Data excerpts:
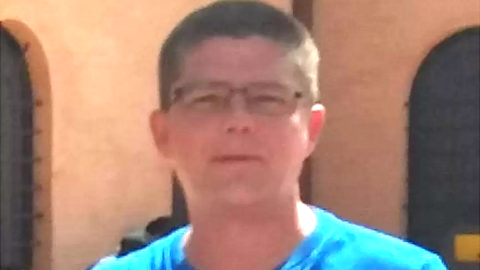 A man with close cropped hair, glasses and a blue shirt. He is looking straight into the camera while standing outside.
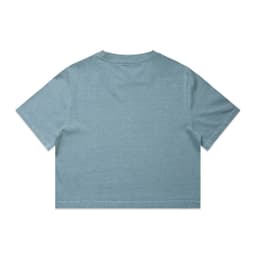 A light blue, cropped t-shirt featuring a plain back and short sleeves, with a logo present.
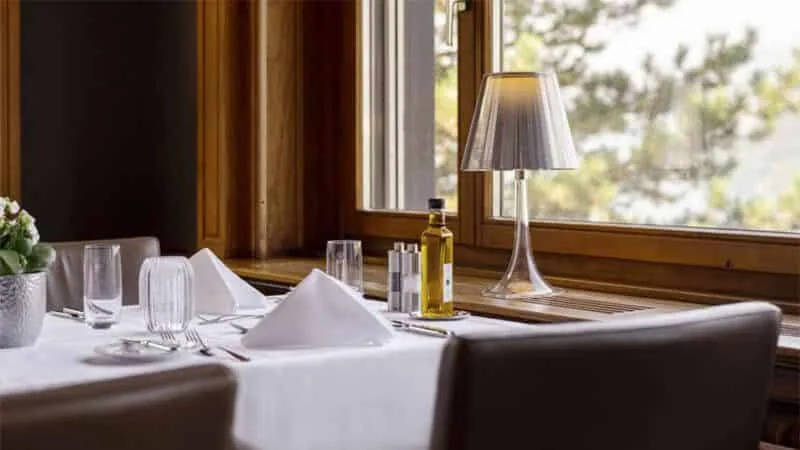 Restaurant table laid with white linen and glasses beside a large window with a table lamp and trees outside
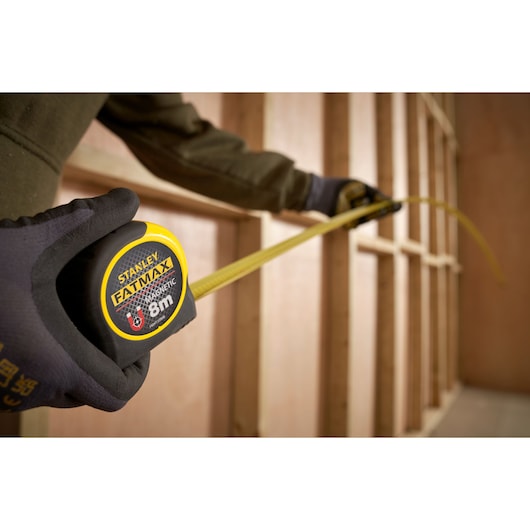 Stanley FMHT0-33868 tape measure with yellow blade extended in a construction framing setting.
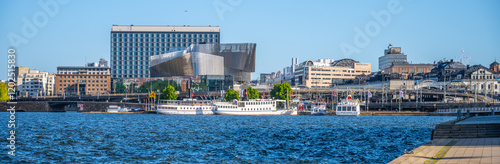 Photography The Stockholm Waterfront Congress Centre rises impressively by the water, showcasing contemporary design against a vibrant blue sky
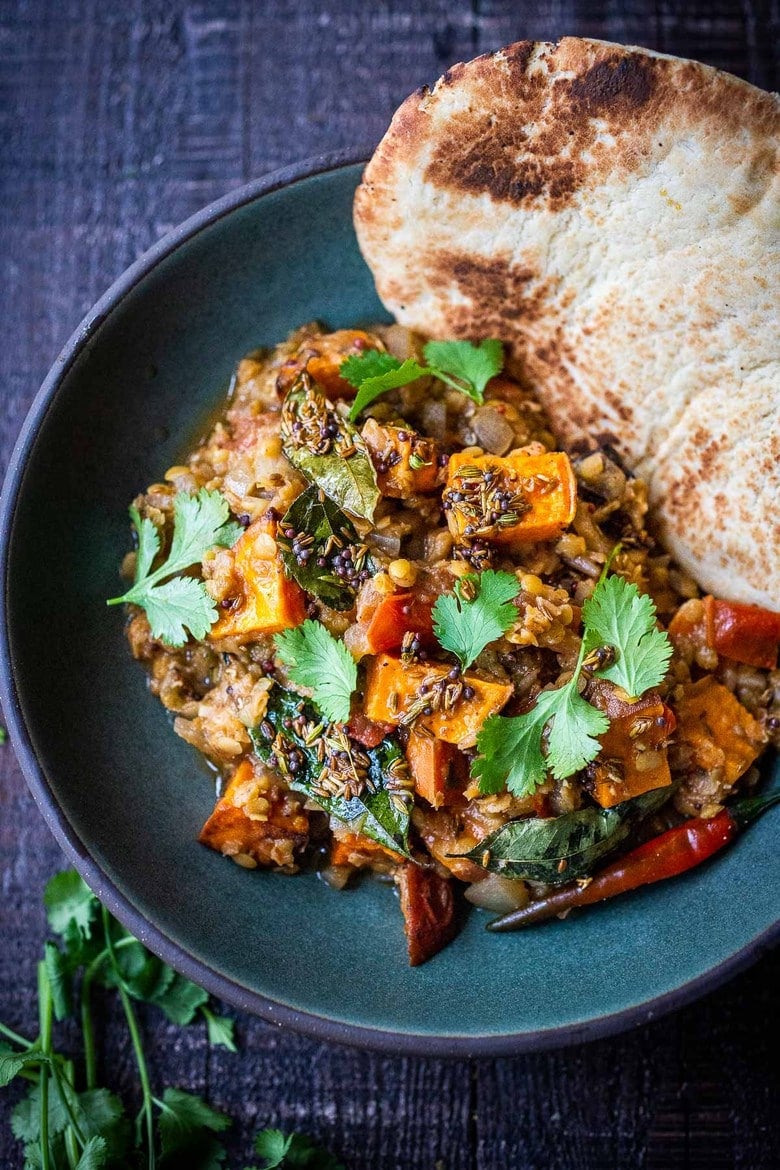 Sweet Potato Dal-a comforting Lentil Dal with Sweet Potatoes and a flavorful "tempering oil". A 30 minute vegetarian meal that is simple to make and full of fragrant Indian spices. Vegan adaptable! #lentils #dal #lentildal #sweetpotatodal #sweetpotatoes #vegan #glutenfree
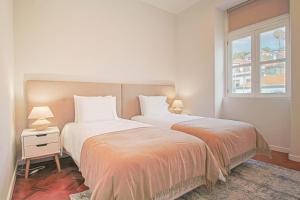 2 bedden in een slaapkamer met een raam bij Pi Houses in Funchal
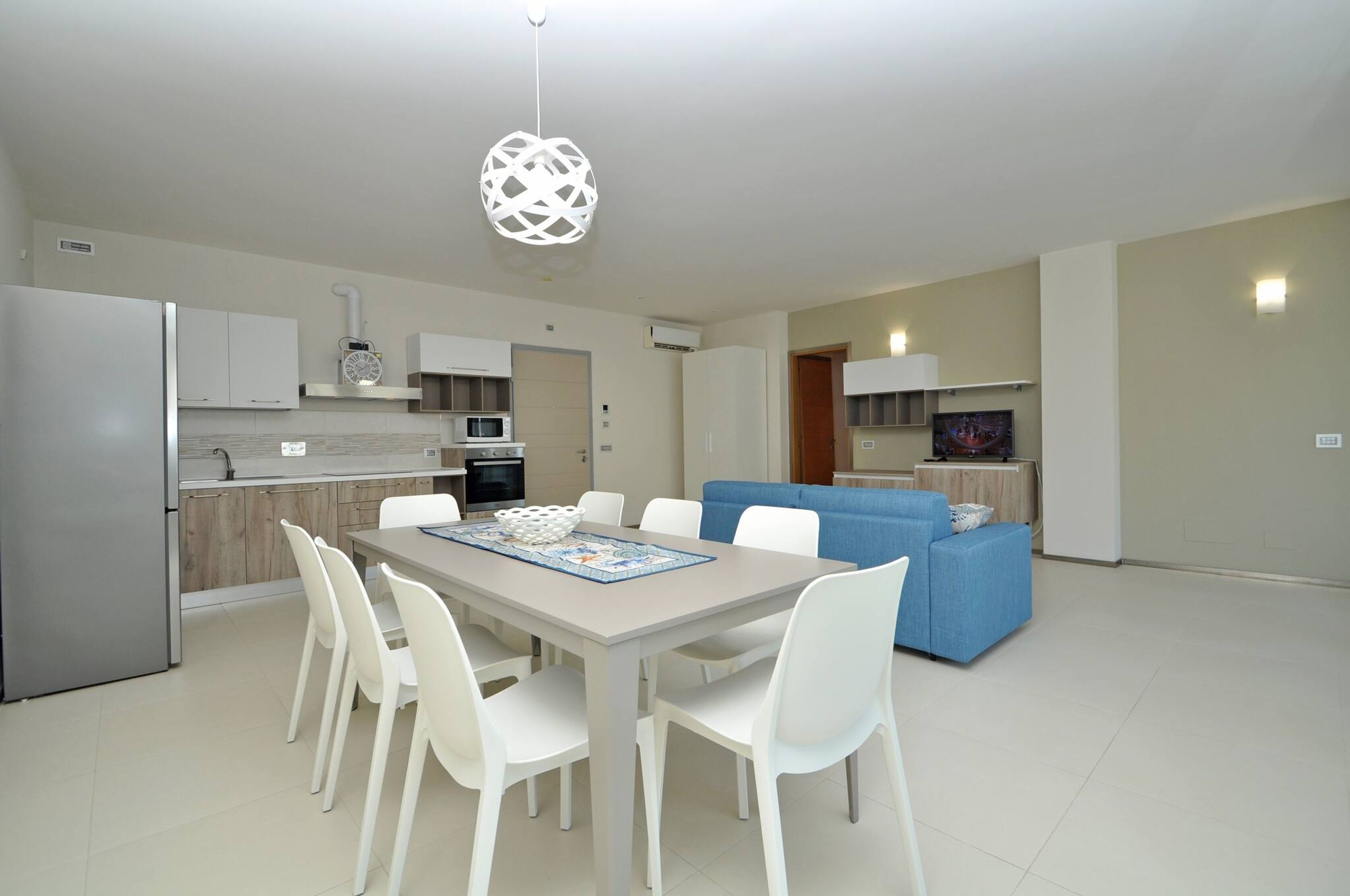 Una cocina moderna con armarios blancos, un refrigerador y un microondas. Hay un comedor con una mesa y sillas, y un sofá azul en la sala.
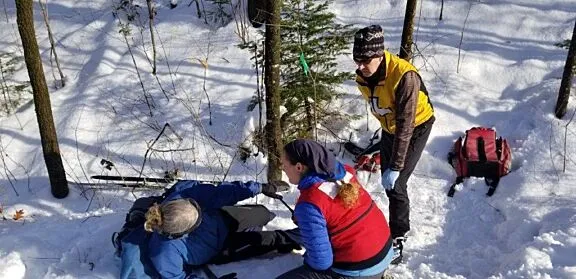 Patrol providing first aid in winter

▶ [ACTION ITEM]
From the first line of the entries above through the line with "A light blue, cropped", set down each line exactly and drop the pictures.

▶ [RESPONSE BELOW]
 A man with close cropped hair, glasses and a blue shirt. He is looking straight into the camera while standing outside.
 A light blue, cropped t-shirt featuring a plain back and short sleeves, with a logo present.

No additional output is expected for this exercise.